April 11, 2004, 8:59 PM

My own feelings about critical discussions are quite simple, (and are much the same for any other kind of discussion):

It is very important that in discussing something (say, an artwork) that we be able to poitn to specific features of that work that are visible to everyone looking at it. This is an important starting point since it "grounds" the discussion in observable conditions, and conforms to the premise the a presentational model for aesthetic experiece [the experience cannot be directly expressed, but we can point others in the direction of having a similar experience given the opportunity] can provide a foundation for discussions.
May of the critics and historians who write about art (and artists, especially artists) fall victim to the intentional fallacy, and base their meanings on matters that are extrinsic to the work, lying entirely outside the object and its relationship to the specific histories to which it belongs.

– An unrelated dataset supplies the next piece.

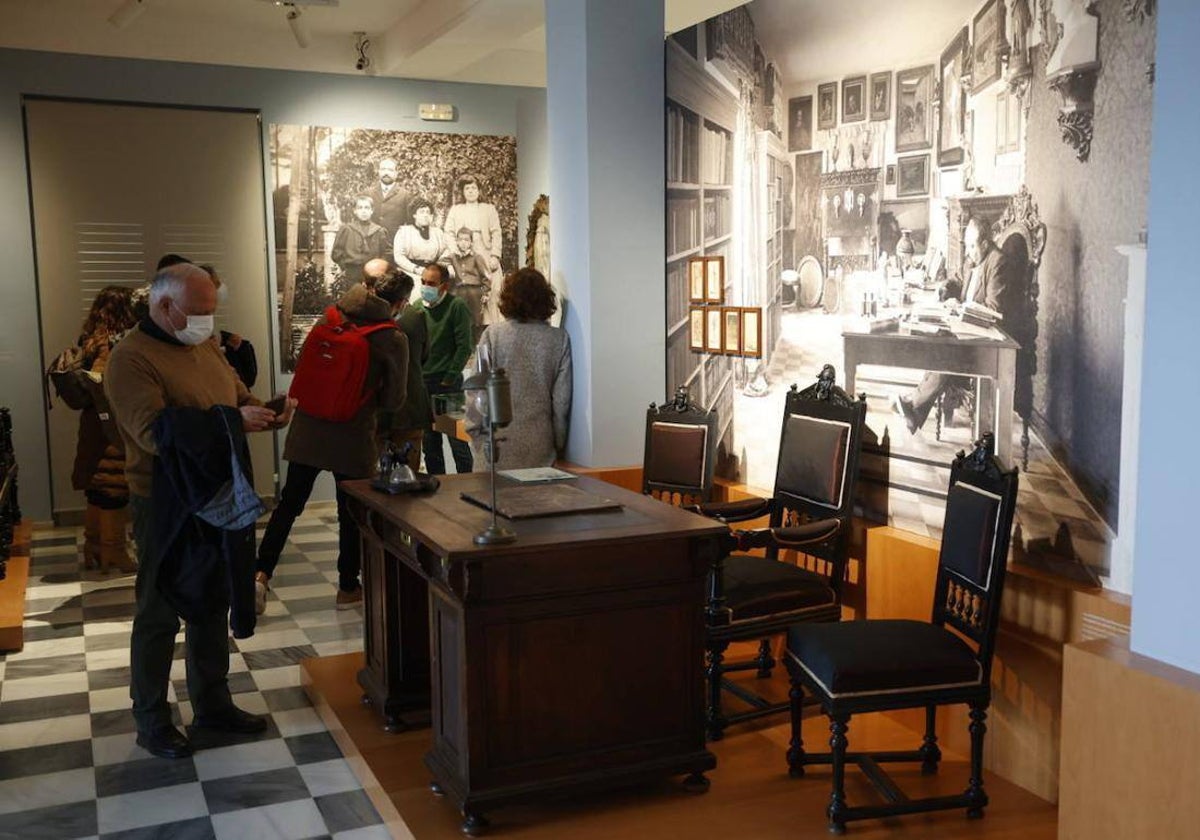 casa Museo Blasco Ibáñez tras la remodelación.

One kind of bias enters into this kind of arrangement when the writer tries to pass judgement on the work based upon an a priori set of conditions that may not be articulated anywhere, and that may not actually be explained by the criticism itself. In these cases, the review can be considered poor since it demonstrates a number of failures of explanation. Bias stops being "bias" and becomes evaluation when we, the readers, have the criteria made available to us for our reasoned examination. Hysterical claims and rhetoric divorced from this kind of logical support is not criticism.
This is, in essence, the difference between opinion (everyone has one....) and critical judgement (based upon argument, especially when it involves experiences not reducible to language). The more an artwork relies upon specifics of experience, the more important it is that the discussion be based on logical argument. This does not mean that we can't discuss experiences: an experience is sufficient only as a starting point, but not as the foundation for criticism.
That the selection of facts is biased is irrelevant. This is a logical red herring: to claim that they could be unbiased would mean that it is possible to completely understand the object investigated; this is impossible, the selection is always already biased. This fact does not invalidate logcial argument, but it does mean that our ability to invalidate such logical arguments is limited to the conditions surrounding our experiences and knowledge of the history connected to a specific art work. Because this kind of completeness is impossible, the idea that a writer can "get it right" and leave no space for alternative discussions is logically unfounded. The activity of criticism, then, can be understood in terms of the activity connected with the logical iteration of possible meanings correlated with the works in question.